• **What you need to do**
The whole listing that follows, pictures excepted, should be printed again exactly as given.

[Data provided Boundary: Start]

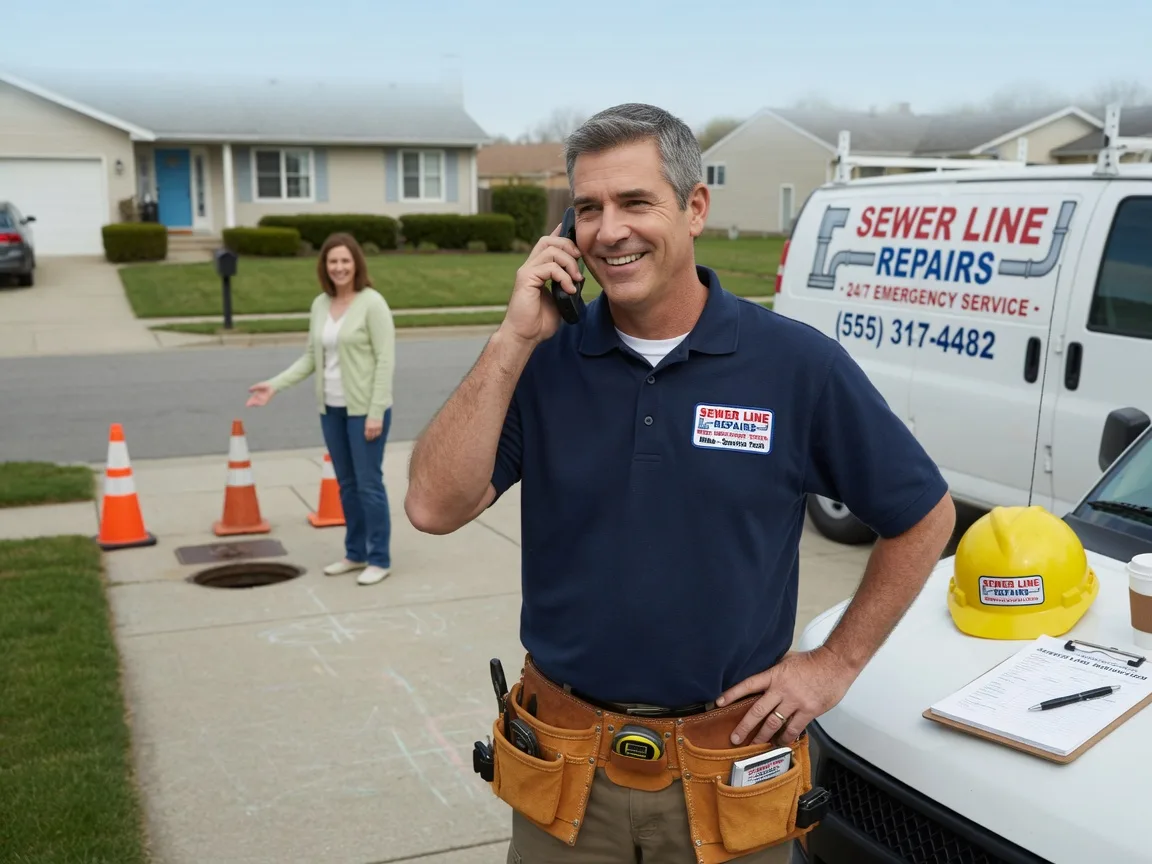 Emergency Plumber Mount Jewett, PA FAQs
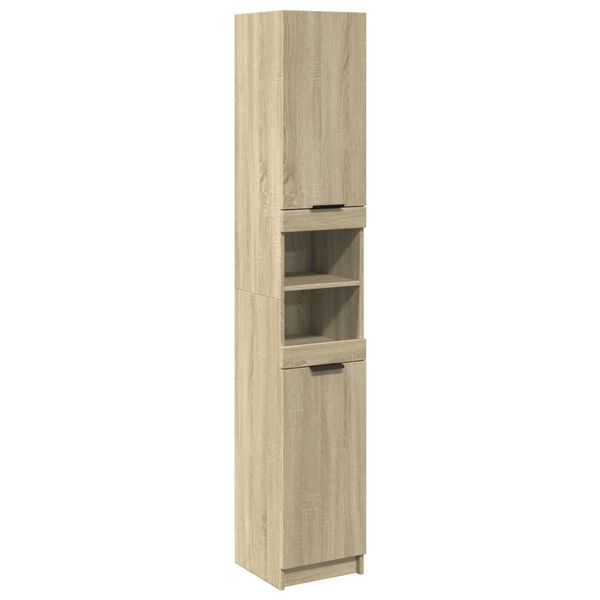 Viser 1 av 11 produktbilde(r)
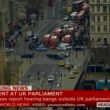 Attentato Londra, auto sulla folla e spari fuori dal Parlamento3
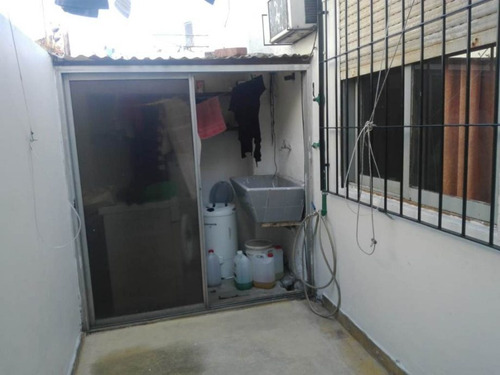 Imagen 9 de 10 de Casa Ph En Venta En Ramos Mejia Sur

[Data provided Boundary: End]

• **Result for this task**
 Emergency Plumber Mount Jewett, PA FAQs
 Viser 1 av 11 produktbilde(r)
 Attentato Londra, auto sulla folla e spari fuori dal Parlamento3
 Imagen 9 de 10 de Casa Ph En Venta En Ramos Mejia Sur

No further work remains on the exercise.